Nb. Our comment from 11/28/22
Well, the first week was indeed all about the zone but, by the end, it also seems R2 did indeed hold no fear.
Although, we have to admit, judging by the lack of movement, the market evidently found it very difficult coping with the ratio. Bit like walking waist deep in mud, having to deal with the incessant futures selling, if you’re not really up for it.
On Monday last week the FTSE tested the bottom boundary (7350) of its zone with the intraday low of 7343.37.
The Tuesday saw it test the upper boundary (7450), firstly in the morning when it just touched it before getting repelled 30-points, and then again in the afternoon, with the intraday high of 7458.88.
The following two days saw it struggle in R2 above the zone but, on both days, it came down to test the upper boundary for support, or confirmation, with the intraday lows of 7452.84 and 7443.46 respectively.
The end result of all this, is that you now know that the market certainly now knows where the safety of its zone is.
Looking ahead, and there haven’t been many changes in the ratio, and most of those are below the zone, so the ratio situation is very plain to see this expiry.
7550 is now critical for the FTSE and, although it is only DR, it is that level for the market which is coming from R1.
That is a huge leap, 3 entire levels, and don’t forget these are exponential, so this should be like running into a wall, albeit a wall of futures selling.
Also, don’t forget, B1 is also lurking there at 7600, giving it some serious backup.
Looking a lot further ahead and, very much dependant on what happens in the next fortnight, we can see the zone being 7450-7550 in the final week.
Range: 7450 to 7540
Type: On balance only just bullish
Nb. Our comment on 12/05/22
We had to wait until the following day after we published last week for the test of 7550.
The intraday high was 7543.09 on the back of a 4.44% gain on the very heavily weighted HSBC. Although the market finished down at 7512 the writing was on the wall as one could definitely see the bullish flame had been seriously ignited.
We do bang on about the misleading opening level on the FTSE, because it is so very misrepresentative, and such was again the case on Wednesday 30th Nov. Officially the market opened at 7512 but, in reality, it was 7555.
This meant it had essentially leapfrogged the DR level at 7550, and it really didn’t look back again all day.
Rather that Wednesday and Thursday it was all about B1 at 7600, the “serious backup” we called it last week.
The intraday highs were 7599.27 and 7599.70 respectively.
The trouble on Friday, was the market couldn’t break back down over DR at 7550.
If B1 was still at 7600 and the market went back there it would be strike 3 but, as you can see in the above table, B1 now starts at 7650.
Does give the market a bit more headroom but, the market won’t know B1 has slipped, so should it go there again it may well have a nervous reaction.

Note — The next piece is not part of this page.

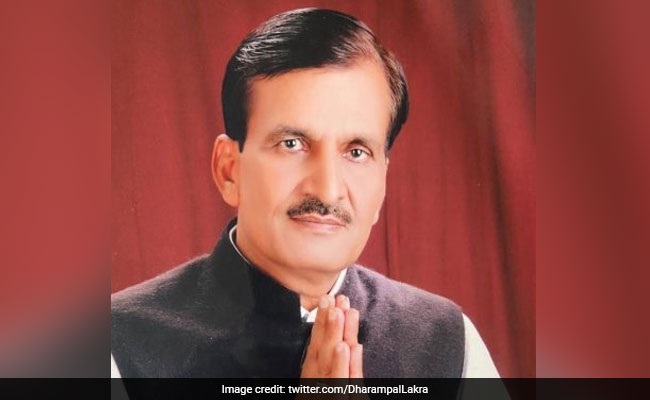 Delhi's Richest Candidate Is AAP's Dharampal Lakra. This Is His Net Worth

As we are just at the halfway point of this expiry there is still plenty of time but, eventually the zone down at 7400 will exert its influence, especially as the move up to 7500 is now looking unlikely.
Finally, a note re the Christmas rally and, very typically, this is what we are used to seeing, so if it remains as normal then we won’t see this year’s rally until after the Dec expiry is over.